I’ve been behind on my current events, in particular reading the sex blogs I generally frequent, since my move. But I’m starting to catch up, so let the outrage begin.

Exactly one month ago, Maymay posted about a This Week in Kink podcast in which the following statement appeared:

I firmly and strongly believe that it is a woman’s role to be submissive to a man. I believe that submission in men is taught at conception because as soon as women realize that they’re pregnant, they start planning that child’s fucking future and quite often that the mother is definitely the beginning of the emasculation. That said, I think that women in the past couple of hundred years have gotten entirely too high on their own power and eventually need to be slapped in the fucking head and put in their place.

I’ve been sitting on this for a while because it’s hard for me to think of much else to say besides “Wow. Just fucking wow. Like, seriously?”

Being blinded by rage makes rational argument difficult. Must be the estrogen.

What troubles me most is not that someone said something like this; there will always be assholes and idiots who espouse this kind of garbage, whether it is about women, African-Americans, queers, or submissive men.
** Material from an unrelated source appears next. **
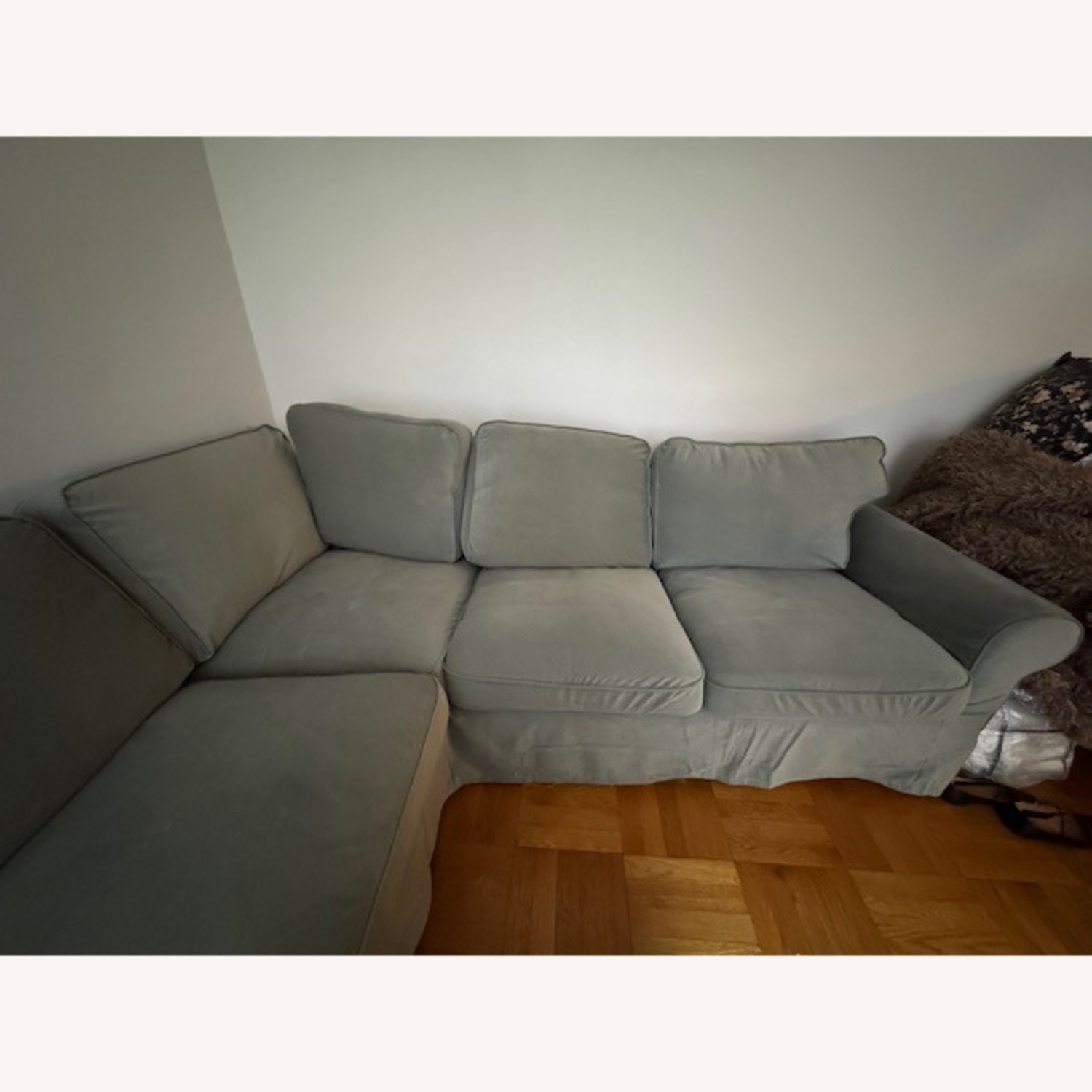 IKEA UPPLAND Sectional + White Slipcover incl - image-3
But it disturbs me greatly that in the BDSM world, where we’re meant to be playing with power, subverting some traditional norms and amplifying others to erotic effect, there are people who still truly believe this kind of outright nonsense. Even worse, that someone with such opinions is such a strong voice in the community.

I love some male tops very much, and as I’ve made quite clear on this blog, I’m a switch. (And this kind of shit is one of the reasons why switches are some of my favorite people to play with.) But I’m disgusted by the tendency in a certain type of male dom to believe that they are simply bringing back the good old days by making women subservient the way God intended. Aren’t we supposed to be progressive? Isn’t the point of alternative sexuality to explore, well, alternatives??
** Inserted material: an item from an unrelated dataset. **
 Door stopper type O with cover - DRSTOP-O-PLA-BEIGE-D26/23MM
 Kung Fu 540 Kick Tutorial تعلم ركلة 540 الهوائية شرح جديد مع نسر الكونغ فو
And get a load of the comments over there. Don’t get my started on the whole “I have a right to my opinion and you have the right to yours” crap. Free speech is free speech, and this fuckwad has the right to say whatever he likes, just as I do. But to hide behind free speech, to say that you will “fight to the death” next to me to defend my right to have an opinion, too, when in the same breath you’re saying that I’m a second-class human being, is completely disingenuous. It wasn’t so long ago that women didn’t have the right to an opinion – whether in matters of state or in the home. You can’t have it both ways, asshole.

Does this homunculus mongoloid even understand what he is saying? “That’s cute that you have opinions – here, let me help you have them, even though they’re so clearly wrong – you’ll need me to help enforce your rights, since you’re less than human.” What fun.
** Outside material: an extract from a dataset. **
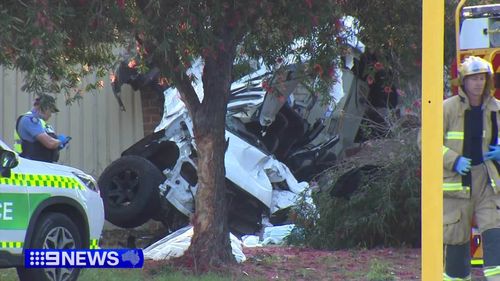 Three young men are dead and two are fighting for life after a car slammed into a home in Perth's eastern suburbs in the early hours of Saturday morning.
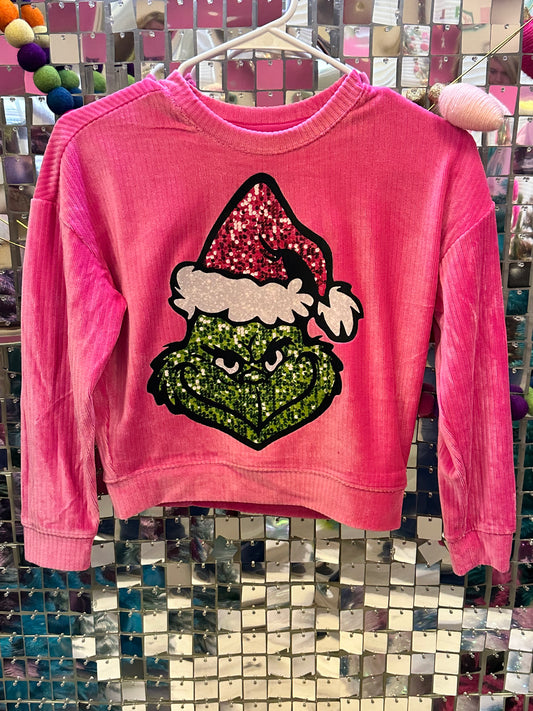 Velour Grinch pullover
It burns my ass, too, that this guy started Fetlife. I was just starting to enjoy myself over there a little bit.

EDIT: It actually wasn’t John, who runs the podcast, who made the comments, it was Rob, who is a DJ on some adult radio thing called The Oh Team. (From the page, I gather that he has “twelve years’ experience as a full-time Master.” Ooooohh, my panties are moist.)

Much more of this, and I’ll be as bitter and angry as people seem to think darling Maymay is. Nice job, kink community.

Huh. Guess I still can’t say much more than “what the fuck.”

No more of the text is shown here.